## Data below:

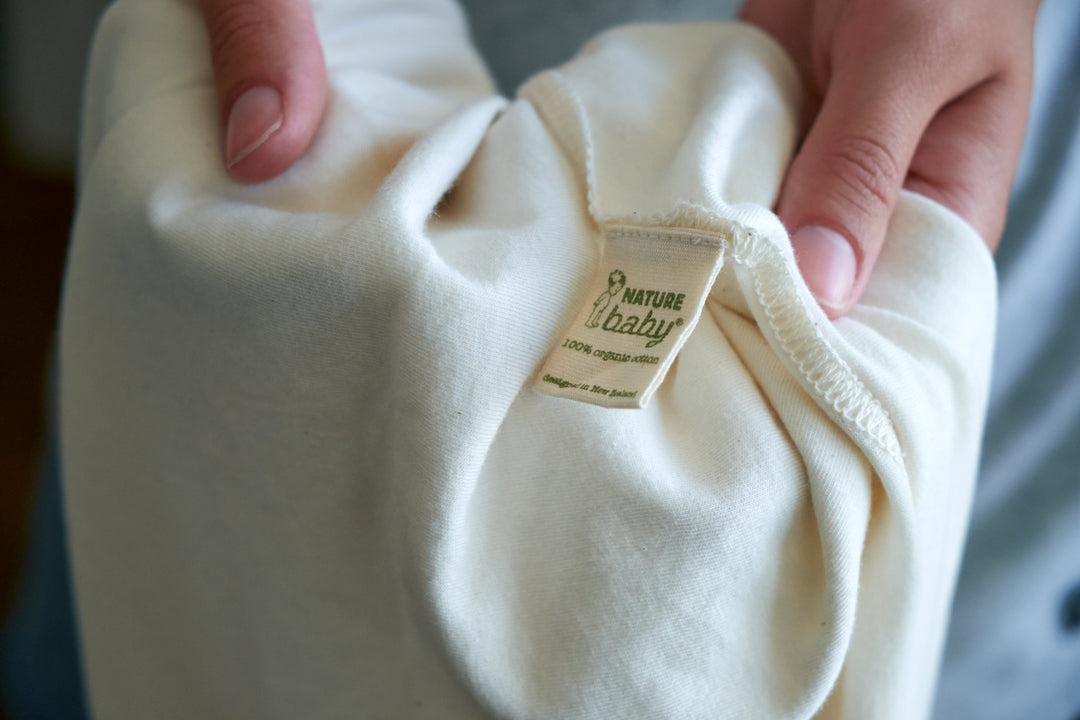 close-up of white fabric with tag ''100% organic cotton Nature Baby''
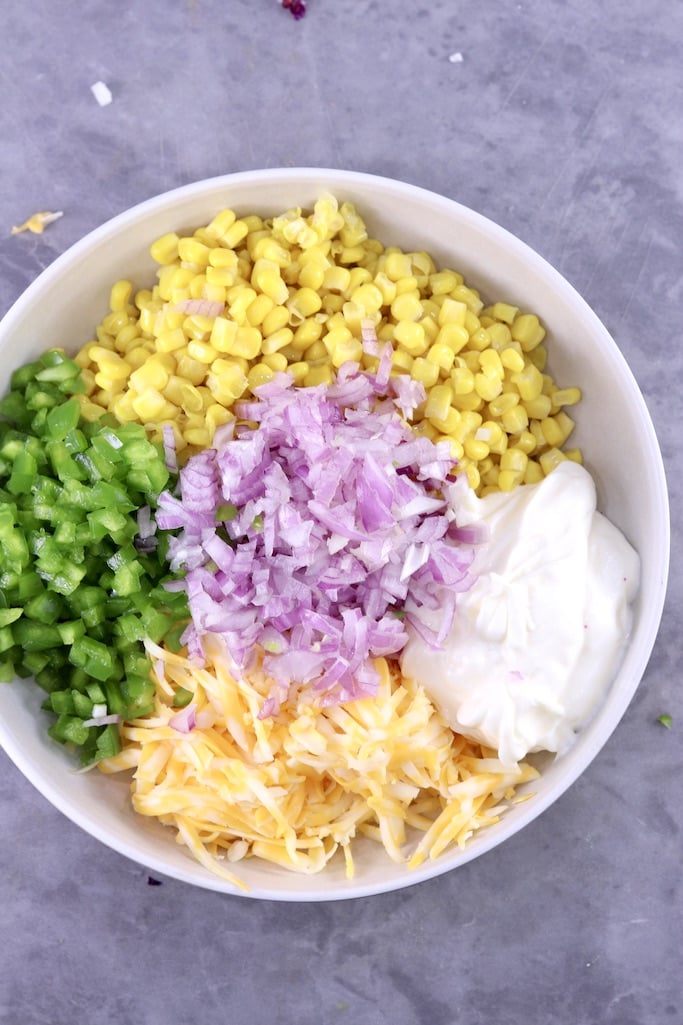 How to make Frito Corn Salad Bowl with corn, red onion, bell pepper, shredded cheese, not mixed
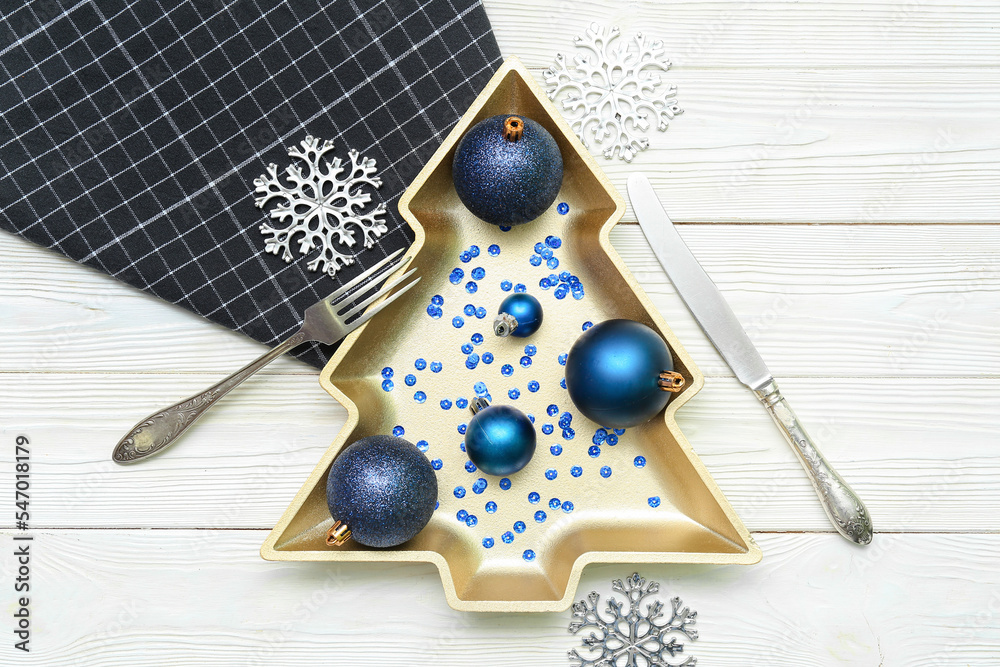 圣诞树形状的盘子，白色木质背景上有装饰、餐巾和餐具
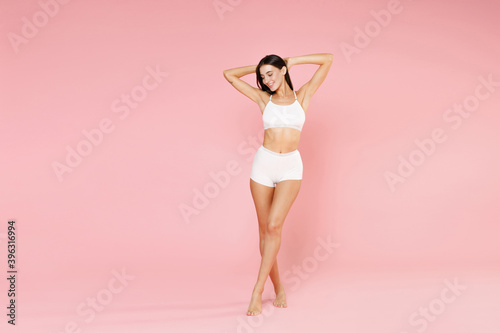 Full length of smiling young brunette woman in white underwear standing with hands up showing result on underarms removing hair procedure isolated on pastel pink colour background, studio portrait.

## What needs to be done:
Print the listing exactly, pictures excluded.

## Exercise response:
 close-up of white fabric with tag ''100% organic cotton Nature Baby''
 How to make Frito Corn Salad Bowl with corn, red onion, bell pepper, shredded cheese, not mixed
 圣诞树形状的盘子，白色木质背景上有装饰、餐巾和餐具
 Full length of smiling young brunette woman in white underwear standing with hands up showing result on underarms removing hair procedure isolated on pastel pink colour background, studio portrait.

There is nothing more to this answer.